ASSIGNMENT — Having found the line containing "Parintins Goleia Em" in the data below, reproduce that line and each one after it to the end, exactly, and include nothing else.

PROVIDED DATA —
= Beginning of Section =
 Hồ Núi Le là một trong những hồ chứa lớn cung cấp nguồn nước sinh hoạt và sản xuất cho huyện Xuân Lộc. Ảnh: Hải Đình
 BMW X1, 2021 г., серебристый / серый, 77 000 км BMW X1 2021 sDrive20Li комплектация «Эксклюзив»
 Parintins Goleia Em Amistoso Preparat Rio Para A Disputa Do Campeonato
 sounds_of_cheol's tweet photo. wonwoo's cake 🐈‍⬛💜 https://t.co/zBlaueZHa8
= End of Section =
RESULT OF THIS EXERCISE —
 Parintins Goleia Em Amistoso Preparat Rio Para A Disputa Do Campeonato
 sounds_of_cheol's tweet photo. wonwoo's cake 🐈‍⬛💜 https://t.co/zBlaueZHa8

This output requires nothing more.